O presidente do Supremo Tribunal Federal (STF), ministro Edson Fachin, votou nesta terça-feira (15) contra a suspensão do julgamento que analisa a possibilidade de abertura de investigação sobre o ministro Alexandre de Moraes. Ele também votou contra a reunião do processo com o procedimento envolvendo o ministro André Mendonça.
O voto foi apresentado durante a análise de uma questão de ordem levantada pelo ministro Gilmar Mendes. O pedido previa a reunião das Petições 16.662 e 16.704, relacionadas aos casos de Moraes e Mendonça, respectivamente.
Gilmar também pediu que, após a reunião dos processos, os procedimentos fossem redistribuídos e que magistrados citados no caso Banco Master, diante de eventuais indícios de recebimento de valores indevidos, fossem notificados para se manifestar.
Ao analisar o pedido, Fachin afirmou que, como relator da PET 16.662, entendia que o julgamento deveria continuar nesta terça-feira e que os processos não deveriam ser apensados:
“Voto no sentido de prosseguir o julgamento de hoje, bem como não levar a efeito o apensamento dos feitos mencionados e, por via de consequência, prejudicada a redistribuição regimental”.

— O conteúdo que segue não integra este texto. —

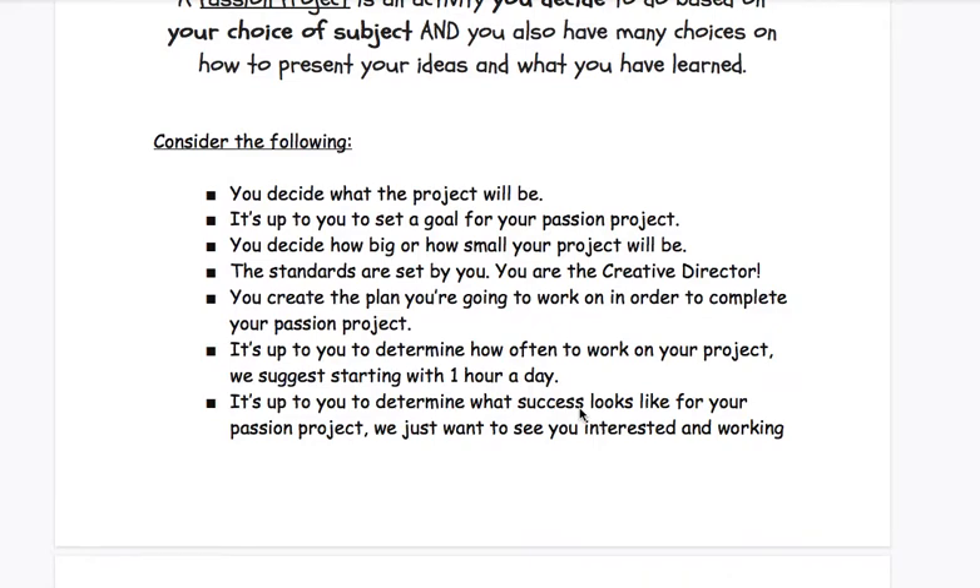When you're getting ready to do your passion project, consider the following. You decide what the project will be — it's up to you to set a goal. You decide how big or how small your project will be. The standards are set by you. You are the creative director. You create the plan you're going to work on in order to complete your passion project. It's up to you to determine how often to work on it, but we suggest starting with an hour a day and going from there to see if you need more or less time.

Fachin cita questão de ordem
O presidente do STF afirmou que a questão apresentada por Gilmar era pertinente, mas defendeu que as providências sugeridas fossem discutidas sem interromper o julgamento em andamento.
“O objetivo da questão de ordem é de todo meritório, cabendo, nada obstante, que esta providência seja adotada sem a suspensão desse julgamento e sem o apensamento dos feitos mencionados”.
Fachin passou então a explicar a origem da PET 16.662, que reúne informações relacionadas à Operação Compliance Zero, investigação que estava sob relatoria de Mendonça. Segundo o presidente do STF, o procedimento envolve a identificação de um interlocutor do empresário Daniel Vorcaro, ex-controlador do Banco Master.
Mensagens de Vorcaro
Durante o voto, Fachin mencionou uma decisão de Mendonça na PET 15.556 e informações apresentadas pela Polícia Federal sobre contatos encontrados no telefone de Vorcaro. Entre os registros citados está um número que, segundo a PF, aparecia salvo no aparelho do empresário como “Alexandre Moraes Brasília”.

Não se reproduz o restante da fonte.